L13_parsing_a_10k slides

Before class¶

Add to your Class Notes/Midterm Sandbox folder:

build_sample_exercise.ipynb
NEAR_regex.py from the community codebook. Delete everything after the "return" line.
.gitignore with **10k_files/* in it.
10k_files.zip from my Class-Notes-1045/Midterm sandbox folder into a subfolder called 10k_files/
Copy the things in the assignment's input folder in to the inputs folder here.
Optional: You can install tqdm (If you don't, then remove it from the code below.)

Where were we...¶

download_text_files.ipynb see this
build_sample.ipynb - review this and the Sandbox readme
1. create empty data, or load the sp500 wiki table
2. for each firm:
  1. find and open 10-K file
  2. define/measure sentiment vars
  3. add to dataset
3. save dataset
report.ipynb

Today¶

Some goals involving the build_sample.ipynb file:

Once we measure sentiment, how do we add that to the dataset?
How can we measure sentiment
Working with real html files (inside a zip!)

Warmup¶

Load a sentiment dictionary.

Once we measure exposure, how do we add that to the dataset?¶

Demos

Today¶

Three goals involving the build_sample.ipynb file:

Once we measure sentiment, how do we add that to the dataset?
How can we measure sentiment
Working with real html files (inside a zip!)

NLP (with our eyes)¶

'I am happy that you are here.
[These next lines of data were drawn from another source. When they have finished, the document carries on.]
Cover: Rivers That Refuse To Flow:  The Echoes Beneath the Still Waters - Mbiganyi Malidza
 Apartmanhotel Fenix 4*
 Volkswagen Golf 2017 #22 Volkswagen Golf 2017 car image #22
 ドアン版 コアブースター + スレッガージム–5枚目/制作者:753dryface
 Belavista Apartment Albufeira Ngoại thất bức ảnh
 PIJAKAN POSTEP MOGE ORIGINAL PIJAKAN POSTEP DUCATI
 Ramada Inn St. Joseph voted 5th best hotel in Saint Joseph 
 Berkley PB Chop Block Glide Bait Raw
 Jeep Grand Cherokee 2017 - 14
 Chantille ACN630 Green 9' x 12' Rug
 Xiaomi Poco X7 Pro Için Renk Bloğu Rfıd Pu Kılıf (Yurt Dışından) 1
I am all smiles. So hopeful!'

Positive sentiment: The fraction of words with a positive sentiment.

How many words?
How many positive sentiment words?

Words that entail "positive sentiment" depends on the context. We are going to use two dictionaries designed on business corpora

Work through the exercises Q0-Q6, then come back to the next slides

Finding (context-specific) sentiment in a document¶

Your positive sentiment measures will detect when firms use more positive language. But what are they talking positively about?

An approach to that problem: Look for a topic you are interested in, and see if positive words are nearby.

NEAR_regex([string1,string2]) will look for string1 near string2
seemingly simple but
1. lets us explore foundational NLP approaches
2. you will use near_regex() on your midterms
3. it's WAAAAAY better than writing your own regex (famously awful)
surprisingly powerful
- Since it will be used in a regex, string1 can exploit regex patterns
- string1 = '(patent|innovation)' will look for patent or innovation

Today¶

Three goals involving the build_sample.ipynb file:

Once we measure sentiment, how do we add that to the dataset?
How can we measure sentiment
Working with real html files (inside a zip!)

Remaining goals:¶

Open a 10-K from inside the zip
Process the HTML before any doing any NLP use NEAR_regex
Use NEAR_regex on this and measure its BHR_negative sentiment, applying the earlier exercises
As of this point: Enough to get all sentiment variables measured
If time/Wednesday:
- Get the filling date (new web ninja skills)
- Start working on the returns problem (no new skills... just a problem of imagination and work)
- Conceptual questions (max_words_between, dictionary choices, etc)
- Report questions

(No more slides, living coding from here on.)

News¶

My office hours this week
Class Wednesday

Student demos¶

Task: TBD, will be a continuation of something from today
Nobody scheduled, email me if you want to do a demo

Summary¶

We have essentially covered all the new skills needed for the midterm. There is obviously additional stuff left to figure out, but it's all solvable with your existing skills.

Main challenges:

Putting the lego pieces together
Getting the returns around the 10-K filing date

These aren't impossible, but aren't trivial: Don't wait to start on the midterm!